## [WORK INSTRUCTION]
What must be written out is each line from the one holding "Young handsome businessman" through the end of the records, word for word, minus any pictures.

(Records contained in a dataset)
------

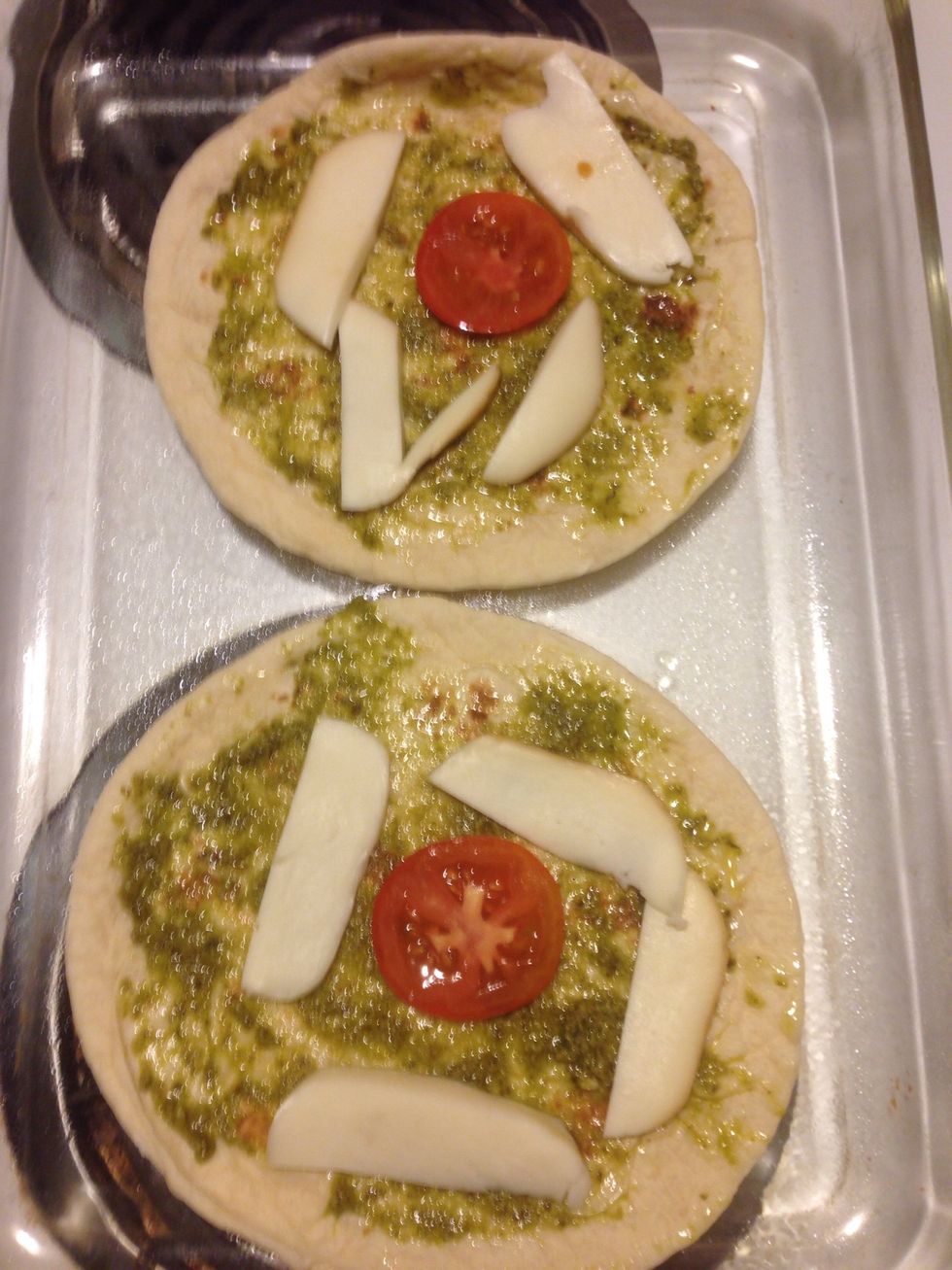 Add mozzarella, and red tomatoes.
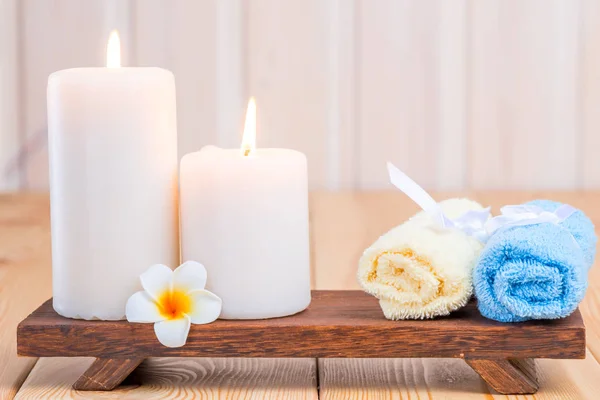 Handdoeken en brandende kaarsen close-up Stilleven met frangipani — Stockfoto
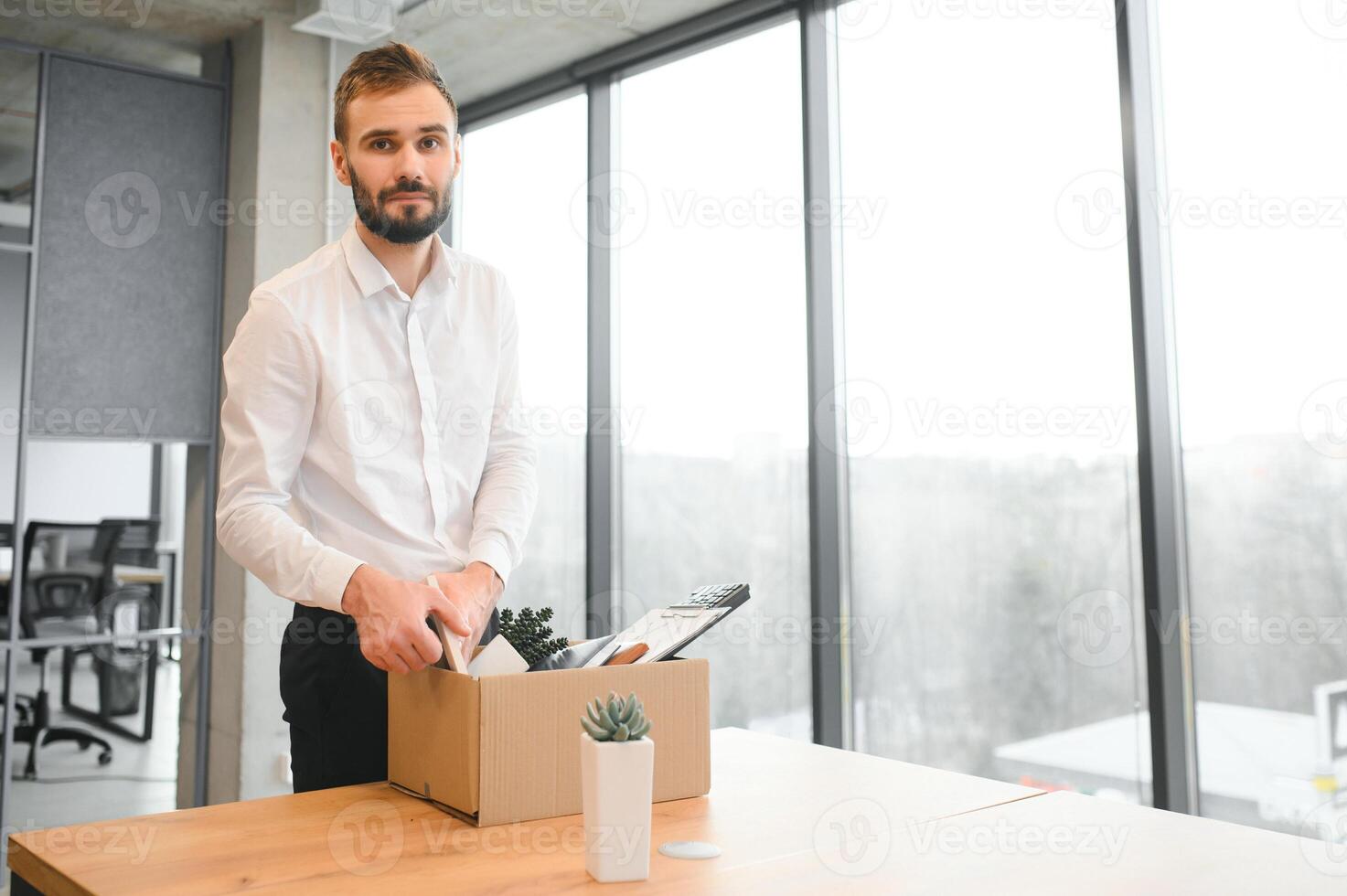 Young handsome businessman in light modern office with carton box. Last day at work. Upset office worker is fired photo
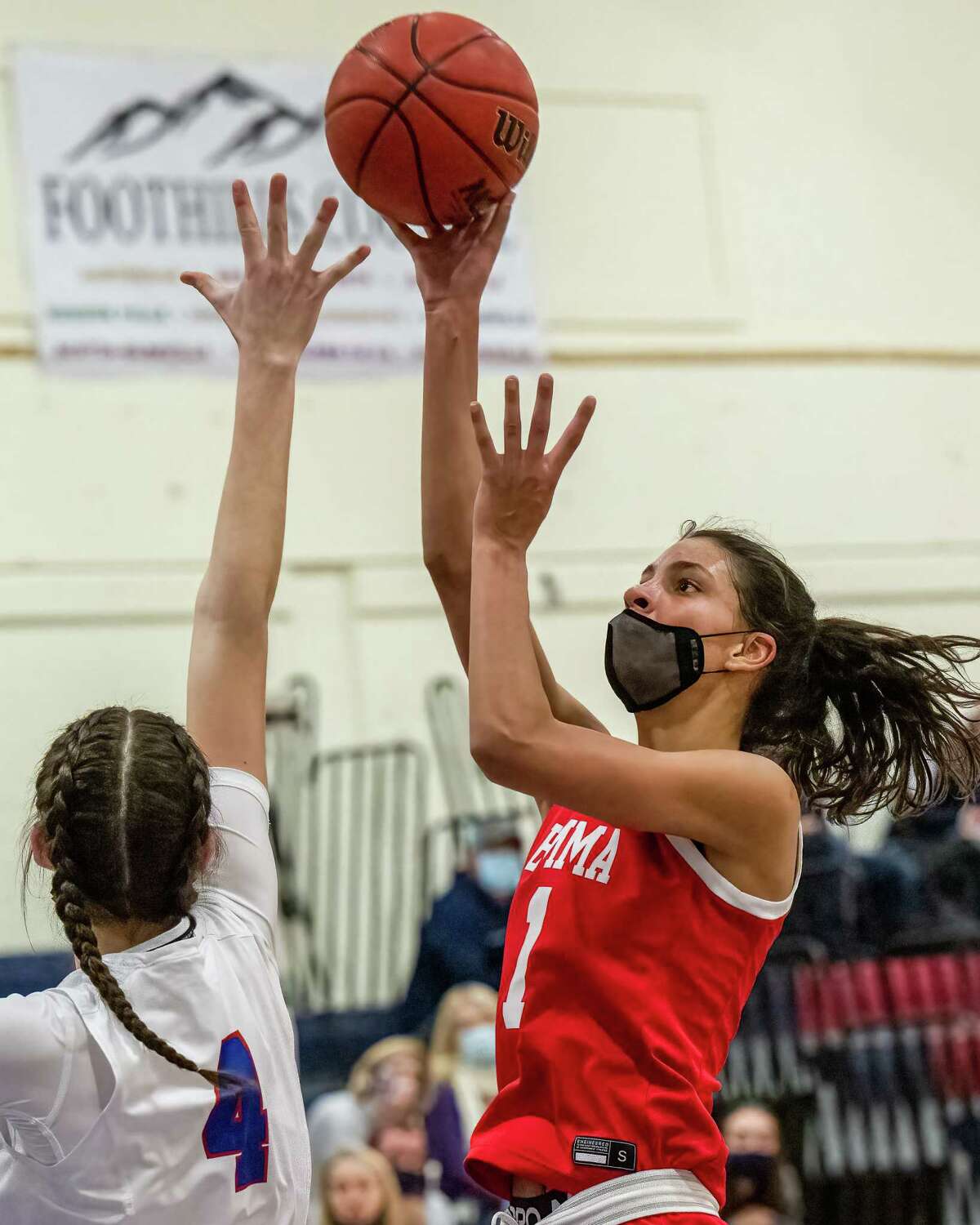 Emma Willard senior Emma Shields takes a jump hook over South Glens Falls junior Kaitlin McDonough during the first round of the Section II, Class A tournament at South Glens Falls High School on Friday, Feb. 18, 2022. (Jim Franco/Special to the Times Union)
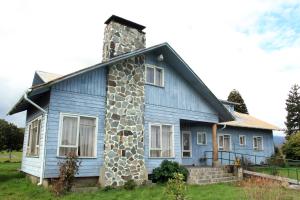 a blue house with a stone chimney at La Posada del Colono in Puerto Clocker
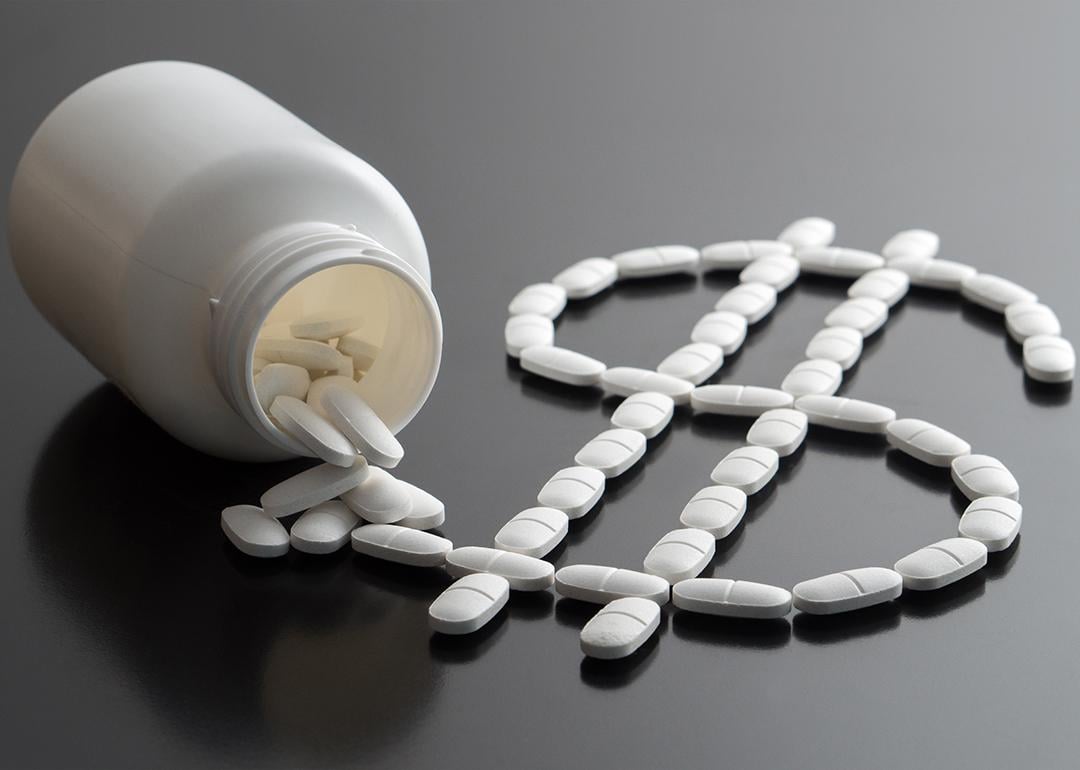 Pills from a bottle forming a dollar sign as a concept of rising medicine costs.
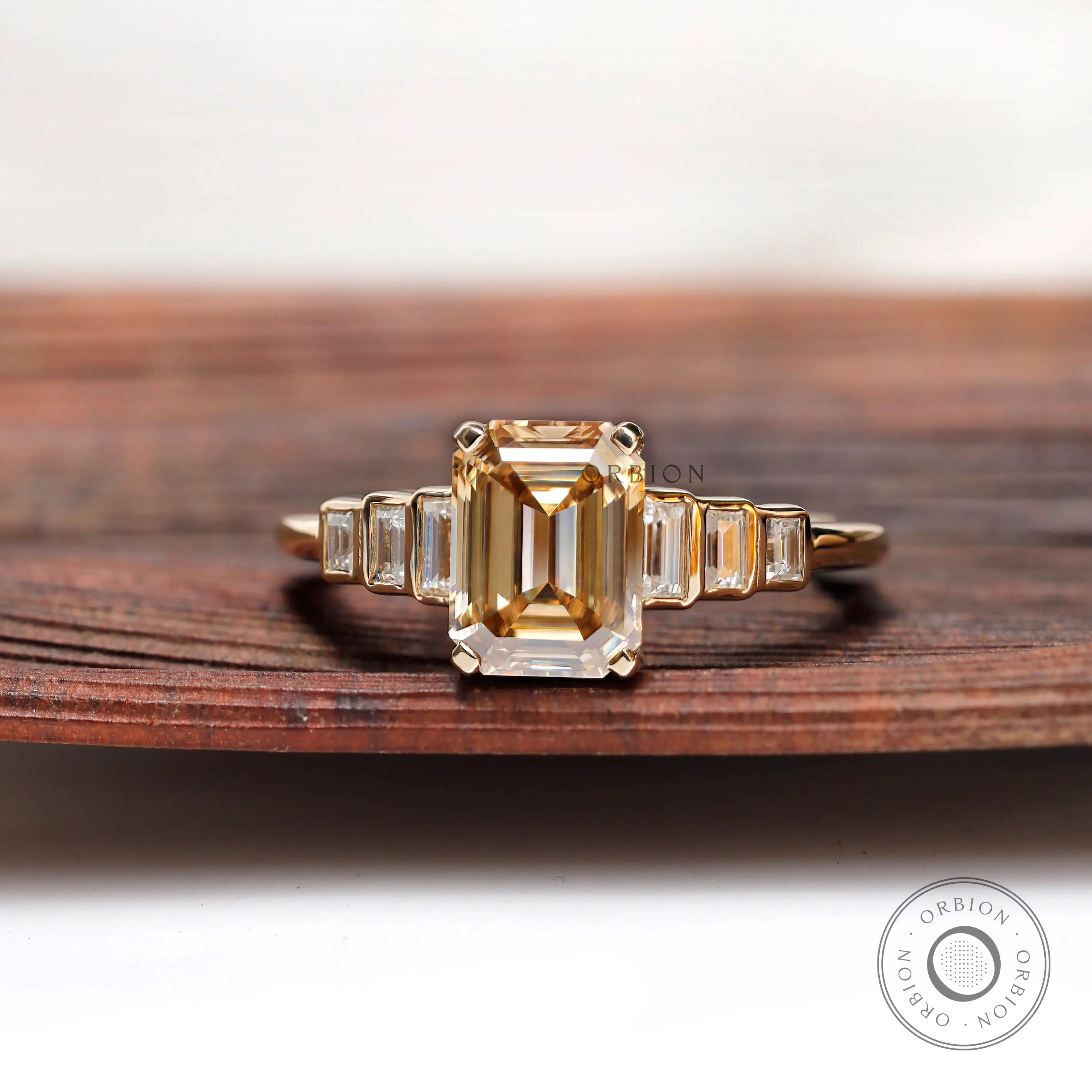 Emerald cut light champagne moissanite 3 stone engagement ring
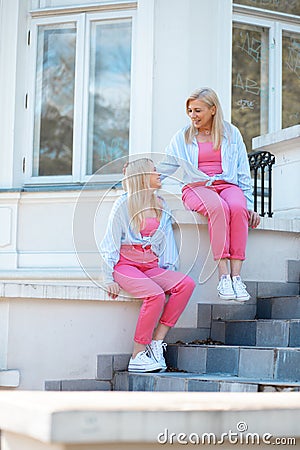 Mother and daughter sitting near stairs and laughing. Mom straighten white hair of girl. Funny talk between relatives. Stock Photo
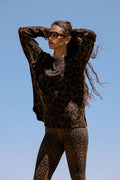 A woman wearing a brown and black leopard print knit sweater and matching leopard print leggings, posing outdoors against a clear blue sky.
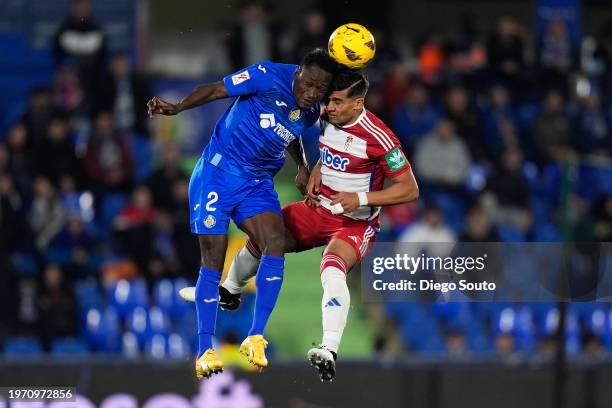 Djene Dakonam of Getafe CF battle for the ball with Matias Arezo of Granada CF during the LaLiga EA Sports match between Getafe CF and Granada CF at...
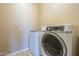 Convenient laundry room with a modern washer and dryer set at 8634 E Kael Cir, Mesa, AZ 85207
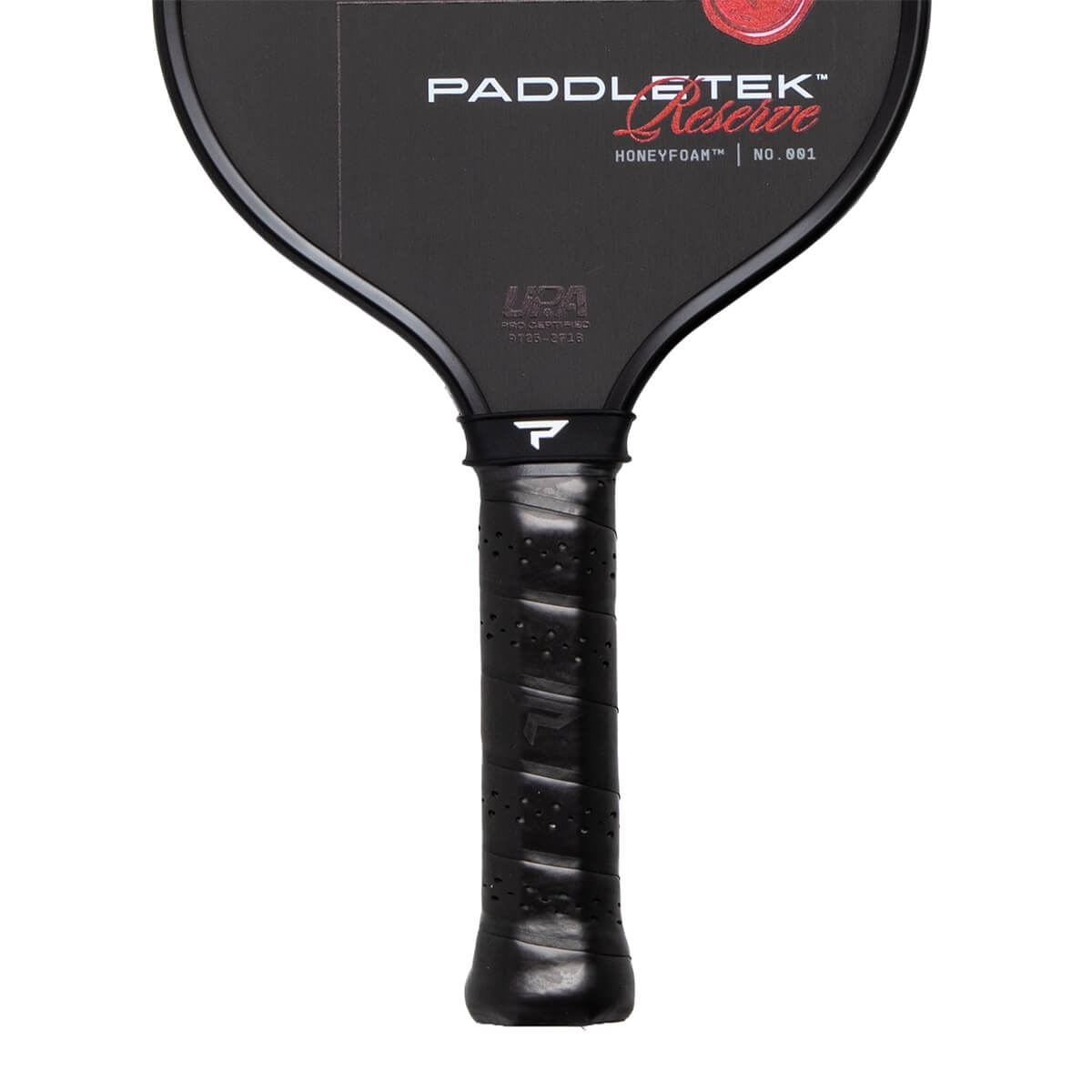 Partial front view of a black Paddletek Reserve pickleball paddle showing its branded face and a perforated black grip.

------

## [RESPONSE BOX]
 Young handsome businessman in light modern office with carton box. Last day at work. Upset office worker is fired photo
 Emma Willard senior Emma Shields takes a jump hook over South Glens Falls junior Kaitlin McDonough during the first round of the Section II, Class A tournament at South Glens Falls High School on Friday, Feb. 18, 2022. (Jim Franco/Special to the Times Union)
 a blue house with a stone chimney at La Posada del Colono in Puerto Clocker
 Pills from a bottle forming a dollar sign as a concept of rising medicine costs.
 Emerald cut light champagne moissanite 3 stone engagement ring
 Mother and daughter sitting near stairs and laughing. Mom straighten white hair of girl. Funny talk between relatives. Stock Photo
 A woman wearing a brown and black leopard print knit sweater and matching leopard print leggings, posing outdoors against a clear blue sky.
 Djene Dakonam of Getafe CF battle for the ball with Matias Arezo of Granada CF during the LaLiga EA Sports match between Getafe CF and Granada CF at...
 Convenient laundry room with a modern washer and dryer set at 8634 E Kael Cir, Mesa, AZ 85207
 Partial front view of a black Paddletek Reserve pickleball paddle showing its branded face and a perforated black grip.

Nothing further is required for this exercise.